● **Task data**
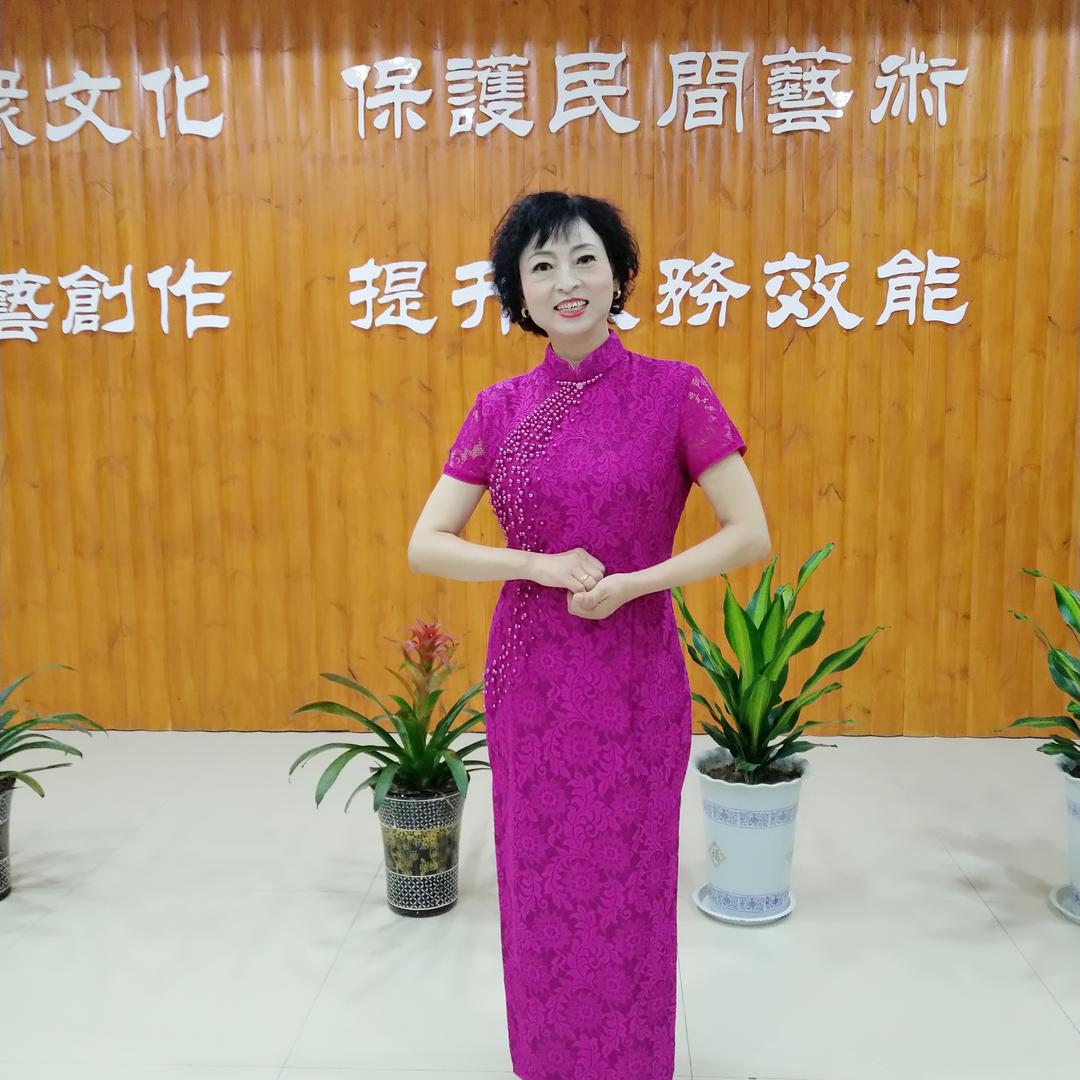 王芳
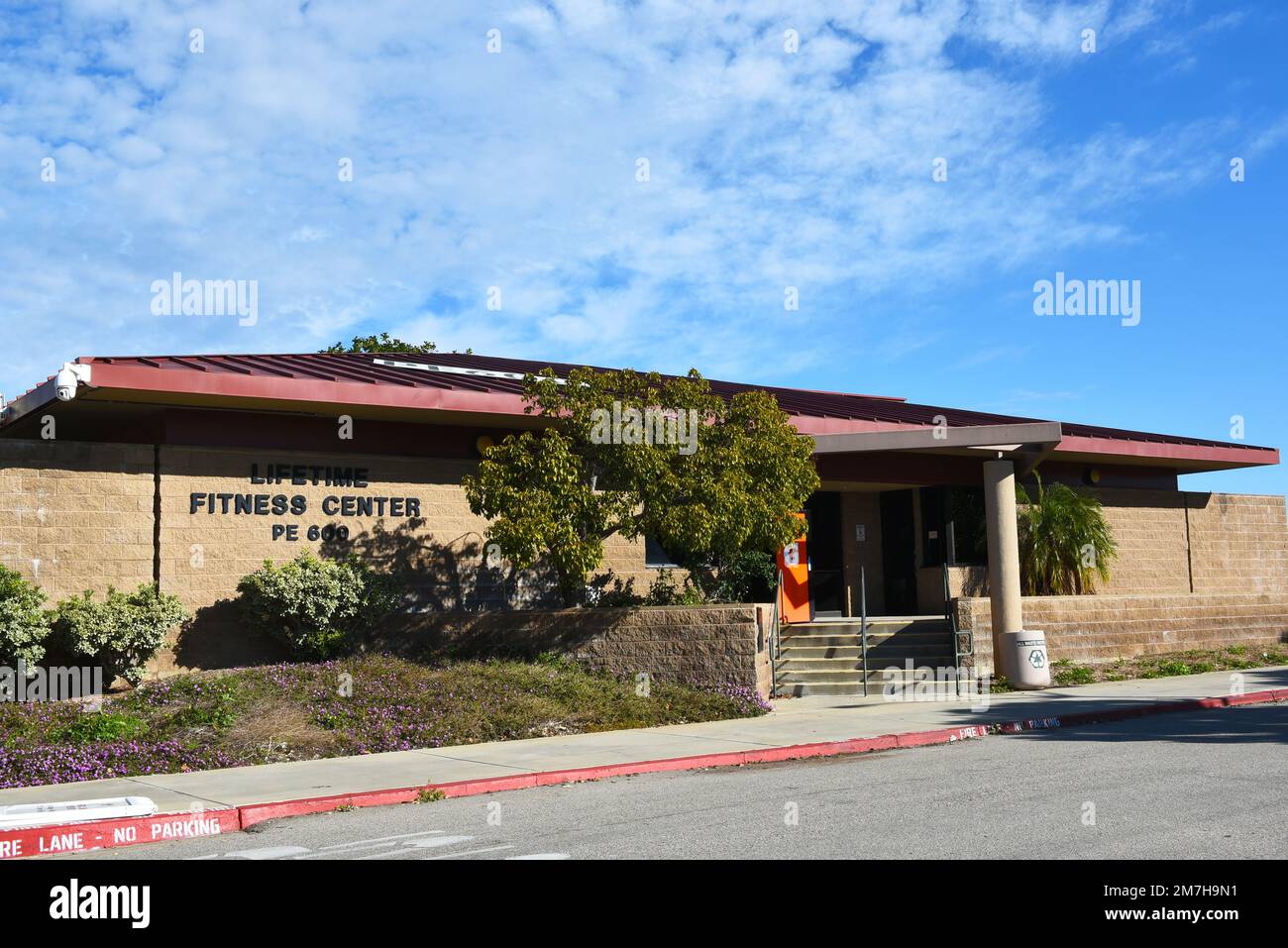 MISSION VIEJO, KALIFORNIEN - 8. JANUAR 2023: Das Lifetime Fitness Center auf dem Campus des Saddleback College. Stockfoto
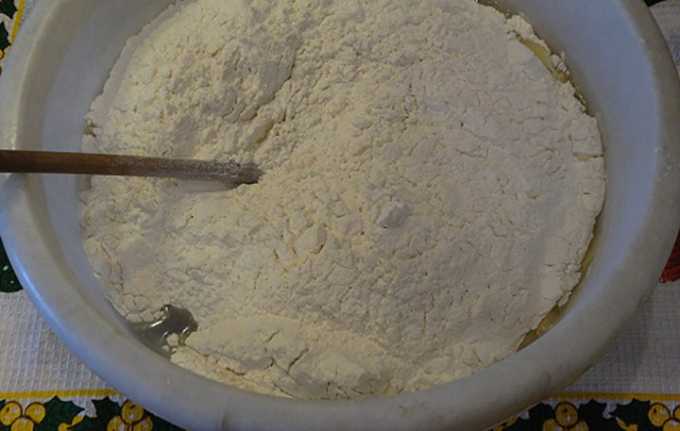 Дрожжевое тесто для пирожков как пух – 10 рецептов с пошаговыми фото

==

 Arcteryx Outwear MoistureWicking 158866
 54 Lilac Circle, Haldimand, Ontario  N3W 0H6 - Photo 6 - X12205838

* * *

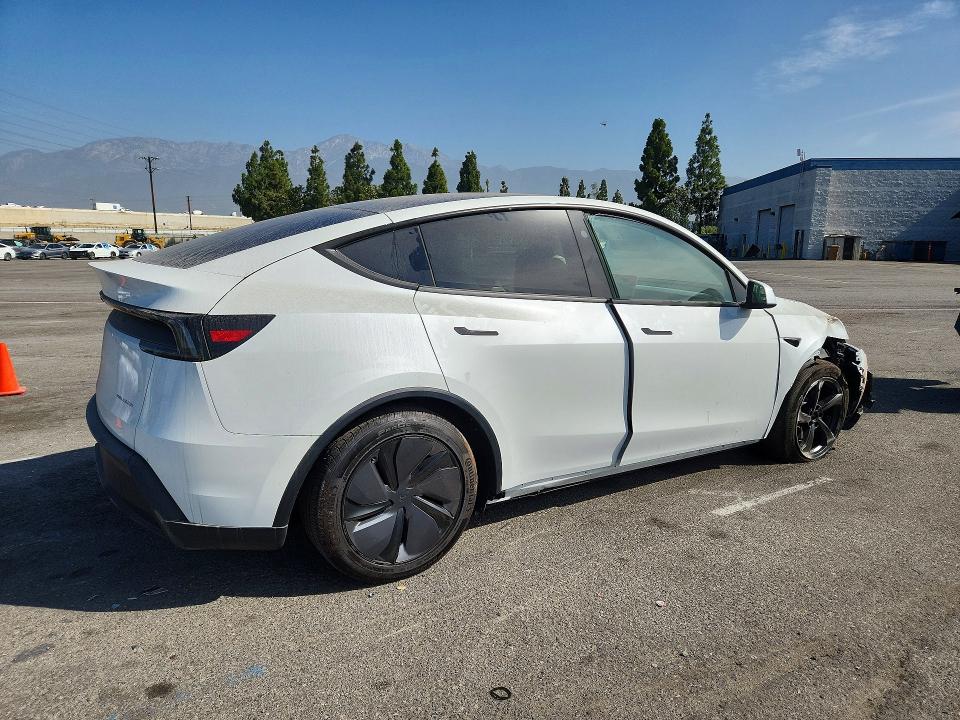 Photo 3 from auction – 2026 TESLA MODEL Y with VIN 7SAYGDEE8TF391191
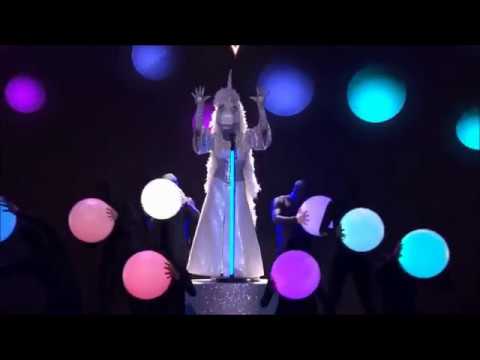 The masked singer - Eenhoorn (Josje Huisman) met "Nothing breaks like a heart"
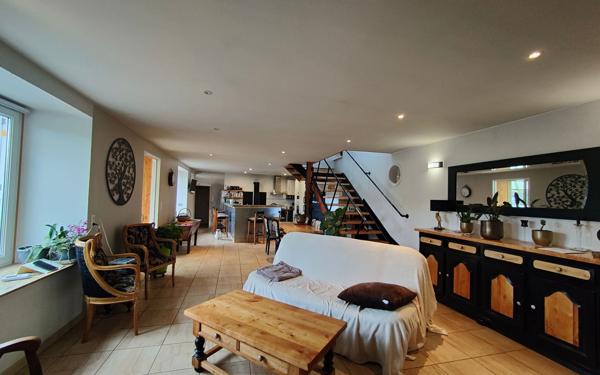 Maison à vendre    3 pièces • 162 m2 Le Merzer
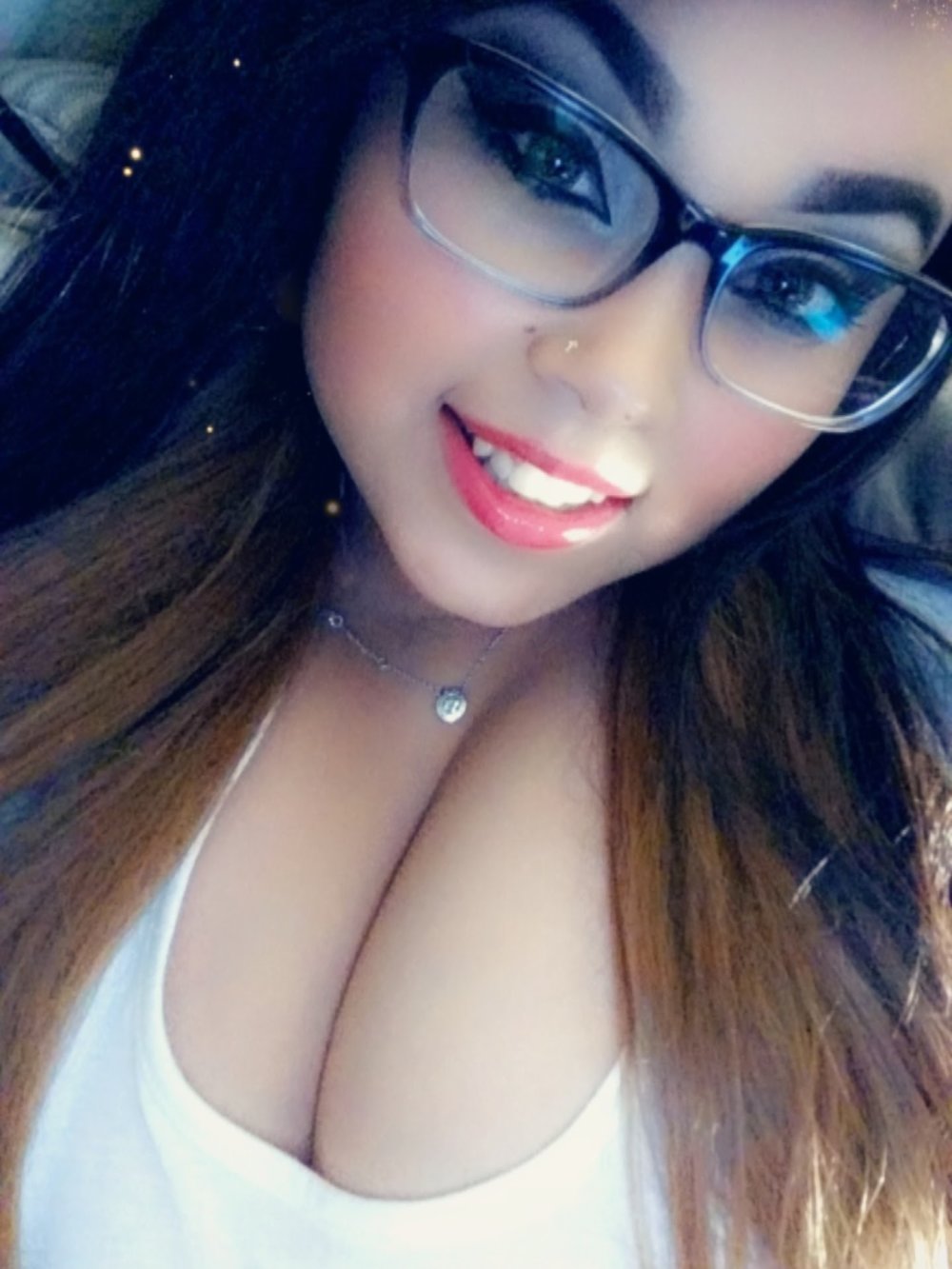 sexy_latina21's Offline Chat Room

● **Problem to solve**
Print an exact copy of the lines above, from the one containing "MISSION VIEJO, KALIFORNIEN" through the one containing "Дрожжевое тесто для", and leave out the pictures.

● **Result of this exercise**
 MISSION VIEJO, KALIFORNIEN - 8. JANUAR 2023: Das Lifetime Fitness Center auf dem Campus des Saddleback College. Stockfoto
 Дрожжевое тесто для пирожков как пух – 10 рецептов с пошаговыми фото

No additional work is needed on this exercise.